Il existe aussi un autre obstacle majeur au premier emploi : l’expérience professionnelle requise par les recruteurs. Dans les annonces ou offres d’emploi, il est de coutume de voir une offre de niveau « Bac +2 »ou « Bac+3 » dans lequel bon nombres de jeunes se retrouvent .Néanmoins un seul critère exclue des centaines de milliers de postulants : l’expérience professionnelle demandée variant de 5 ans à 10 ans.

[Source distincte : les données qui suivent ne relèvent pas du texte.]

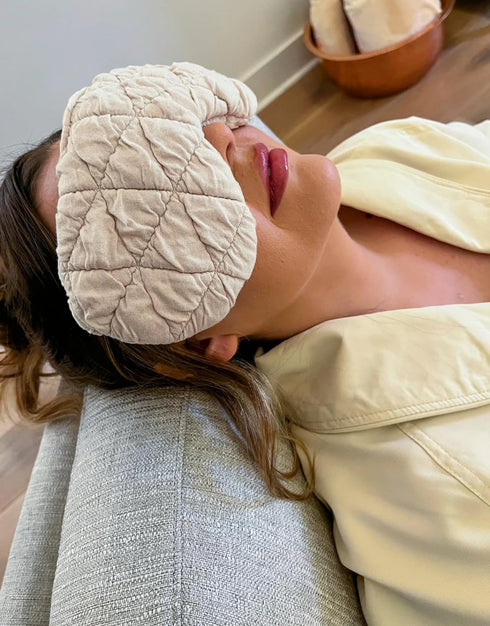 Oatmeal Quilted Eye Relaxation Pillow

Par exemple une offre d’emploi concernant un poste d’agent commercial apparait dans un journal. Les critères sont les suivants « niveau : Bac +2 minimum, expérience : 5 ans dans un poste similaire,… ». Nous pouvons essayer de décortiquer cette annonce. On est en 2009, donc par rapport à l’expérience professionnelle requise il faut éliminer toute la génération 2009, 2008, 2007, 2006, 2005, titulaire d’un Bac+2. Non seulement ils n’auront pas fait 5 ans d’expérience, et ce n’est pas toujours évident de trouver du travail juste à la fin des études. Face à un tel cas, l’on peut se poser la question de savoir quelle place l’entreprise accorde aux jeunes diplômés inexpérimentés dans le cadre de leurs politiques d’emploi d’autant plus qu’ avoir un stage pédagogique, durant la formation, demeure un parcours de combattant ?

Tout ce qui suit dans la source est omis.